The domain-specific programming language I created for this musical instrument work is software that’s profoundly inspired by a course on programming language design and implementation that I have been teaching to undergraduates for years. When I realized that computer science ideas that I’ve done research on and taught about could help me climb this other learning curve, my heart kind of jumped. I’m now trying to bring undergraduates into this work.

Chris Tighe, a Brandeis senior, is working with me on using a CNC (computer numerically controlled) machine to carve the front and back of a cello. Gcode is a programming language that tells a CNC machine where to cut wood, just like PDF is a programming language for telling your printer where to put ink. We’re not using generic CAD/CAM software to generate gcode—we’re generating it directly from our own software. We think we can do a better job, because our software is designed just for this application.

How do you hope your work scanning instruments will be used in the future?
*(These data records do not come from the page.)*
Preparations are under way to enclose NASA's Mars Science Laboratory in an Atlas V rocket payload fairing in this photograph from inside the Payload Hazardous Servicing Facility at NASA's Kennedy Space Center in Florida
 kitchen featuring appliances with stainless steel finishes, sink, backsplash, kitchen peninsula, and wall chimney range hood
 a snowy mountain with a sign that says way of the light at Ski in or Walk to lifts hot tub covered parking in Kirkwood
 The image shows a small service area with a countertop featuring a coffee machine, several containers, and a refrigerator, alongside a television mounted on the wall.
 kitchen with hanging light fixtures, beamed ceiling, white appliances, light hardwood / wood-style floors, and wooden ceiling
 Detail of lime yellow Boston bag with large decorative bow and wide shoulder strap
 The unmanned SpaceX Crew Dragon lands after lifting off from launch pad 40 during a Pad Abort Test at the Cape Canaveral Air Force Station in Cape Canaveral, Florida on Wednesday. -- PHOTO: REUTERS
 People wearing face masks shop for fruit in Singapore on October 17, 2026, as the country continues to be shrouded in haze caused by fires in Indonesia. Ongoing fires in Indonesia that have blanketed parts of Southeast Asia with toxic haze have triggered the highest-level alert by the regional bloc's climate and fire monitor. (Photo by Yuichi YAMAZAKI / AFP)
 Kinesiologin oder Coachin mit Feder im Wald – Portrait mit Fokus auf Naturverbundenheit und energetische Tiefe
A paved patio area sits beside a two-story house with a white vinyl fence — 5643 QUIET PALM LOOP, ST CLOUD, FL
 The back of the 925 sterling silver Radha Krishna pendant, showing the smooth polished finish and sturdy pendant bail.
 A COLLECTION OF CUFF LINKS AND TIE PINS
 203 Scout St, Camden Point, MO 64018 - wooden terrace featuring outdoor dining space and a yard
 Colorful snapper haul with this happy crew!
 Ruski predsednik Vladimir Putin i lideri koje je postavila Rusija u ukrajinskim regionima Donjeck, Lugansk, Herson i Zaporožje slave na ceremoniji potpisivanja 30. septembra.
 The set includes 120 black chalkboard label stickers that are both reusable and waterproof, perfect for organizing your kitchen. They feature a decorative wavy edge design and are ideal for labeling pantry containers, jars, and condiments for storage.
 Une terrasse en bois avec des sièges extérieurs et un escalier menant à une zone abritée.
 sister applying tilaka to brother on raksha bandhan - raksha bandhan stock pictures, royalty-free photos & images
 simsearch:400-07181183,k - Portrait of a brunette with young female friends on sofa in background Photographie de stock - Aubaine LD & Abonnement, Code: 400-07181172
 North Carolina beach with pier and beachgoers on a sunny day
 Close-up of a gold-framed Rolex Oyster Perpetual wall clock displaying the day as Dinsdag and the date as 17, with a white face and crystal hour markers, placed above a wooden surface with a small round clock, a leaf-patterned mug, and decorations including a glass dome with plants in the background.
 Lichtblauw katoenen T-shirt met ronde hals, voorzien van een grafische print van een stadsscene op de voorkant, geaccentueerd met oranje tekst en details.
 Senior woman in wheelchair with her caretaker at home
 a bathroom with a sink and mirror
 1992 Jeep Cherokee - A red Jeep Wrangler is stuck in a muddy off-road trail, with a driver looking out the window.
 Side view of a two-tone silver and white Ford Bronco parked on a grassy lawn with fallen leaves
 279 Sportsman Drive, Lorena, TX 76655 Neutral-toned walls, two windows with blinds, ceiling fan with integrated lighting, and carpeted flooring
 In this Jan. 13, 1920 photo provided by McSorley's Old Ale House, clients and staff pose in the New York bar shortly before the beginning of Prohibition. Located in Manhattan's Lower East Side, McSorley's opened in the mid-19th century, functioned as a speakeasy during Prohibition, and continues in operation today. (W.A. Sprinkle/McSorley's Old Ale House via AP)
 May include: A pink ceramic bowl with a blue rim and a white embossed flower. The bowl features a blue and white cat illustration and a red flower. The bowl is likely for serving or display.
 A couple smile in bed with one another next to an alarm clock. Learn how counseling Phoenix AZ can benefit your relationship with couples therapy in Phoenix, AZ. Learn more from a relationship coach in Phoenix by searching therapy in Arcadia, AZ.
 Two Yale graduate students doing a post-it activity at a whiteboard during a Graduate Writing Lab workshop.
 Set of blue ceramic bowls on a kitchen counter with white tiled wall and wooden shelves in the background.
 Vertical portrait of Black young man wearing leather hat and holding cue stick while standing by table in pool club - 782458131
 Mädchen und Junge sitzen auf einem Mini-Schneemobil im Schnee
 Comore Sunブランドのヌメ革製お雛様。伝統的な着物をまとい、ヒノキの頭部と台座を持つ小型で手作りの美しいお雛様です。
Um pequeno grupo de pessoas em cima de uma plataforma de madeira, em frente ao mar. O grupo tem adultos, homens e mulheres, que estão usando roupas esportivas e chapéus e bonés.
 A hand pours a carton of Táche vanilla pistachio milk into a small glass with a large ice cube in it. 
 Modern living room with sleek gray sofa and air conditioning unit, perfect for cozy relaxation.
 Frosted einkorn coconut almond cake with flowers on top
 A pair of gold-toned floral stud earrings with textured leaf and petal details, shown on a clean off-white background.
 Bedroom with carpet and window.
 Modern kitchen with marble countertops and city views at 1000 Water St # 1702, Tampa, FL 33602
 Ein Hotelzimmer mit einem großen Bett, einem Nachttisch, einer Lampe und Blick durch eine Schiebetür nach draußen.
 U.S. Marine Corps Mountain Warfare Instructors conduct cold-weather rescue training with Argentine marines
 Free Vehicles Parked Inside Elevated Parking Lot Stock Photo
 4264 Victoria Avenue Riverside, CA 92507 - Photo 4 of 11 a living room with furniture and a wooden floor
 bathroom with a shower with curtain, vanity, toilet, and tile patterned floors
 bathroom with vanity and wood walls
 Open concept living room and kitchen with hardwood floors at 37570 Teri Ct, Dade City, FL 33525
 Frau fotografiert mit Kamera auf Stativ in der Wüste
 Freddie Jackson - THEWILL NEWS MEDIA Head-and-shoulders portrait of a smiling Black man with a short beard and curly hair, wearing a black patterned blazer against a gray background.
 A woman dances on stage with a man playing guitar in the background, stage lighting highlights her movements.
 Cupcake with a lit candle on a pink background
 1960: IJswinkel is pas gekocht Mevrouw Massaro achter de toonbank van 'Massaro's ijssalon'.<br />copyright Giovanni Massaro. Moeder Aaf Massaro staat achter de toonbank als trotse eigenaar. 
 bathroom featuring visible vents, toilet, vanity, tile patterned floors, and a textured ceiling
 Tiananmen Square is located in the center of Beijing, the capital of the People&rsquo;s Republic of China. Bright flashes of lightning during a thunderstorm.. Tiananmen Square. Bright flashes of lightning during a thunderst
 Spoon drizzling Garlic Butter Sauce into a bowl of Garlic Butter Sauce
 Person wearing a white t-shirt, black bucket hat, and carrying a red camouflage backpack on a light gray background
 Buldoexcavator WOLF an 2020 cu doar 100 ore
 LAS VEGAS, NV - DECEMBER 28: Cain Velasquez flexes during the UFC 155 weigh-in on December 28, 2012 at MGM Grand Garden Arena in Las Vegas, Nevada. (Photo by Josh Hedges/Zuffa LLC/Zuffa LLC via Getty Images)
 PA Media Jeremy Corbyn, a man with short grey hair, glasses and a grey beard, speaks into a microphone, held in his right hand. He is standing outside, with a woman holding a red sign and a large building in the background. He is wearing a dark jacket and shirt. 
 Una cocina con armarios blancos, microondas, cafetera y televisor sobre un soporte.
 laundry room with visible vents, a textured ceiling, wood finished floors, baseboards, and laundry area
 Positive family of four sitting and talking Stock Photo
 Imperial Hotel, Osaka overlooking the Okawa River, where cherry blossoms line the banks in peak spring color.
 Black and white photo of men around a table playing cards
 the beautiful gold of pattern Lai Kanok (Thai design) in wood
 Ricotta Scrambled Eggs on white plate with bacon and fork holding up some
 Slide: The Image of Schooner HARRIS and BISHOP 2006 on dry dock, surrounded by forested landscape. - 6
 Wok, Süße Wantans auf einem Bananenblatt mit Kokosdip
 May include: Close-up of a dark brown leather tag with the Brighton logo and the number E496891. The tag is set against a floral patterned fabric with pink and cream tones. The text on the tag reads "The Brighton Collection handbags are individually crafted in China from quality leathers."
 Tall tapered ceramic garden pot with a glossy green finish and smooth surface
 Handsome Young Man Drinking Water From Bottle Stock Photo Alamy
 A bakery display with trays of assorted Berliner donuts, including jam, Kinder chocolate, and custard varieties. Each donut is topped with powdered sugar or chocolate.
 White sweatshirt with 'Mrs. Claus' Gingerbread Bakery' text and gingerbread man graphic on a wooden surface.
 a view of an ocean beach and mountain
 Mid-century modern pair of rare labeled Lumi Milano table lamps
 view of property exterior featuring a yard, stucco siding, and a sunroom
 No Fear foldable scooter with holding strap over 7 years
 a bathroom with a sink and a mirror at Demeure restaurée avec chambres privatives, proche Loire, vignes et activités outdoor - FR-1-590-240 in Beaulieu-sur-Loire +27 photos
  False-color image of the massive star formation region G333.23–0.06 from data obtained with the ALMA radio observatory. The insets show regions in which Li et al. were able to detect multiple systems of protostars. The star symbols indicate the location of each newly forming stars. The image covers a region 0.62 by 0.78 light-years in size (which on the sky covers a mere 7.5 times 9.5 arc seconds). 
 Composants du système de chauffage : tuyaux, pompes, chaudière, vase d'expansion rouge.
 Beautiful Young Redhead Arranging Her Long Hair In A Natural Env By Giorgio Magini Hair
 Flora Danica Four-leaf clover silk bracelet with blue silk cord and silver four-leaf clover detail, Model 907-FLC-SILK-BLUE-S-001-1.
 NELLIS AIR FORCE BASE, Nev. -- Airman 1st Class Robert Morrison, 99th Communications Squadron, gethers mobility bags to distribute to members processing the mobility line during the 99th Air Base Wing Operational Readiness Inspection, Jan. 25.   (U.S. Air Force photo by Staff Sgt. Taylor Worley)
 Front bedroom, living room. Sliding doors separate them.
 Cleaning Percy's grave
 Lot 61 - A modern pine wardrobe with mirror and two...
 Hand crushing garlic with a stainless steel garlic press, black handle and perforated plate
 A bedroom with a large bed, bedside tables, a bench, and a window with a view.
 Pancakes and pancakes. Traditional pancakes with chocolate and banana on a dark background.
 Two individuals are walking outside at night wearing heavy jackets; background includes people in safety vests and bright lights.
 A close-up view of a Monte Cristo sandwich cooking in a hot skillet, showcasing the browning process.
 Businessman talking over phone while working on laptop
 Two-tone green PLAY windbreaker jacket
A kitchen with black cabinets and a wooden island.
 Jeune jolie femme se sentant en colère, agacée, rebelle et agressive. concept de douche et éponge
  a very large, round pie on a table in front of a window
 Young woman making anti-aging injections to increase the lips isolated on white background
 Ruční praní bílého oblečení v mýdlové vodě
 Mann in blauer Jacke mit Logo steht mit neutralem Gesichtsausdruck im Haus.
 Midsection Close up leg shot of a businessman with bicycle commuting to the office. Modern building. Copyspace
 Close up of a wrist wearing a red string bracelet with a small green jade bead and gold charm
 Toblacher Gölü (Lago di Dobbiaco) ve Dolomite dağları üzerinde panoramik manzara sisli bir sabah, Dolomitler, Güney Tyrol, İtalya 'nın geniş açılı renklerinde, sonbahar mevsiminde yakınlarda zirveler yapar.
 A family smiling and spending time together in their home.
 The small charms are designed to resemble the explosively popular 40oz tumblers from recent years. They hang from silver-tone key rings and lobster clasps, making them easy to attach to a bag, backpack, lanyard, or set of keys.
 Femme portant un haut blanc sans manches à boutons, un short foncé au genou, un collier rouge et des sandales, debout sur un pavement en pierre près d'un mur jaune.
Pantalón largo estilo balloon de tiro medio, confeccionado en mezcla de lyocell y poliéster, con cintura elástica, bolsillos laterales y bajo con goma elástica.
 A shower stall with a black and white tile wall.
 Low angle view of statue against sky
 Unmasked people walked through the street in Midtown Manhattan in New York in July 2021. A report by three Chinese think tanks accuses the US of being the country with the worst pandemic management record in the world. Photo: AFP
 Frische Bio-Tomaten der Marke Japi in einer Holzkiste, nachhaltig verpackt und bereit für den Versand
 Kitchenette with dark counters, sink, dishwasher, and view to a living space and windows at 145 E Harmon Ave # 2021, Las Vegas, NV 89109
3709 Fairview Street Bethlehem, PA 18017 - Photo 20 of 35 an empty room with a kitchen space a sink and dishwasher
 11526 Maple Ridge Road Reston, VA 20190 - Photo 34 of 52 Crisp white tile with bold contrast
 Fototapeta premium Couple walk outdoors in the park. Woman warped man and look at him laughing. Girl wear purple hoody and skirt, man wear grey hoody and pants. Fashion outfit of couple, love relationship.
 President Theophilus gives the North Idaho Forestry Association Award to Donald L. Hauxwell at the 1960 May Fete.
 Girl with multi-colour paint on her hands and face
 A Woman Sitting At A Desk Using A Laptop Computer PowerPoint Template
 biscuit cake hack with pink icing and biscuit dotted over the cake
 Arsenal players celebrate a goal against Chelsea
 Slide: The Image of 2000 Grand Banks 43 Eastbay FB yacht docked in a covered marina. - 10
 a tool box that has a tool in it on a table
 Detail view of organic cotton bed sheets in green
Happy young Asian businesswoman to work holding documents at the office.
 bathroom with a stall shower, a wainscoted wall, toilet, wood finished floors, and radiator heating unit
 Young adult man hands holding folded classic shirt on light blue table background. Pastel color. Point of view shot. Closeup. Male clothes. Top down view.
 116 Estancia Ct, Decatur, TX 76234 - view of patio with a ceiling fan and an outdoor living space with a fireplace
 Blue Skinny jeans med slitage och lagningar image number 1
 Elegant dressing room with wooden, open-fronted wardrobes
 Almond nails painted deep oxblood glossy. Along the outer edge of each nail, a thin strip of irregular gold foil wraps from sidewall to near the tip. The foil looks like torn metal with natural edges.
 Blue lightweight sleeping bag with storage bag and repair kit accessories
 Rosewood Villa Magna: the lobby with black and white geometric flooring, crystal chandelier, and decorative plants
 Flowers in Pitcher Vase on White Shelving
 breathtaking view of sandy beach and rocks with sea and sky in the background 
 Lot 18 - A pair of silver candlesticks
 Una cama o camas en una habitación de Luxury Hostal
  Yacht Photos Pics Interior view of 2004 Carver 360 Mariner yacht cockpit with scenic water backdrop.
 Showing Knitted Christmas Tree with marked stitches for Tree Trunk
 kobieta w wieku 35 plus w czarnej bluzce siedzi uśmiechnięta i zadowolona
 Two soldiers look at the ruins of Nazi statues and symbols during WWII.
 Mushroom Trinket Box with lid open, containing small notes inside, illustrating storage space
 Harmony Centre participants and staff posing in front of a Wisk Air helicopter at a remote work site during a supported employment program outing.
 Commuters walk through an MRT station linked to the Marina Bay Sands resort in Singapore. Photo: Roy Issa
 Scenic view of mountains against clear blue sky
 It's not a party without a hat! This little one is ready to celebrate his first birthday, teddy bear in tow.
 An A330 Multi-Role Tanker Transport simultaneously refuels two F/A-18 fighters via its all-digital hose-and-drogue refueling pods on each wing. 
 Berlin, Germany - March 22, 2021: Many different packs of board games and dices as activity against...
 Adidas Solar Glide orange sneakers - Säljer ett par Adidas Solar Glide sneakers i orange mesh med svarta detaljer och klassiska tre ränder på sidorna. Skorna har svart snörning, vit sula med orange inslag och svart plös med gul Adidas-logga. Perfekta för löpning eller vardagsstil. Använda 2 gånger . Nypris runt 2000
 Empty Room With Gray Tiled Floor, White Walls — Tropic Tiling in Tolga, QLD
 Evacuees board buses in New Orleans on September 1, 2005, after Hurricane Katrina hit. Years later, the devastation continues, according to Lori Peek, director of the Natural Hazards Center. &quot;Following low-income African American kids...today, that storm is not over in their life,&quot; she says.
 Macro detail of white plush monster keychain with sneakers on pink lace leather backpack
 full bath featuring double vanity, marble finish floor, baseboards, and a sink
I want to build a digital library of iconic instruments from the Italian “golden age” of violin making, repeating the workflow from my project with the “Cristiani” for a dozen or more renowned instruments. It would provide an unprecedented resource for musicologists and luthiers to measure exemplars, and examine canonical construction methods.

This kind of online library could be a foundation for a digital art history. How did Stradivari cello designs evolve? What did his violin designs incorporate from those of Andrea Amati, the Cremonese luthier credited with making the first violin? How did Amati inspire other violin makers? By describing their design ideas in code, we can explain evolving changes in design by changes in the code.

The point here isn’t to be gratuitously ahistorical—it’s that the code expresses artistic and artisanal ideas that must have been on the minds of these people. Coding is a form of writing, and computer programs aren’t just to tell machines what to do. They are also a way for people to explain ideas to each other.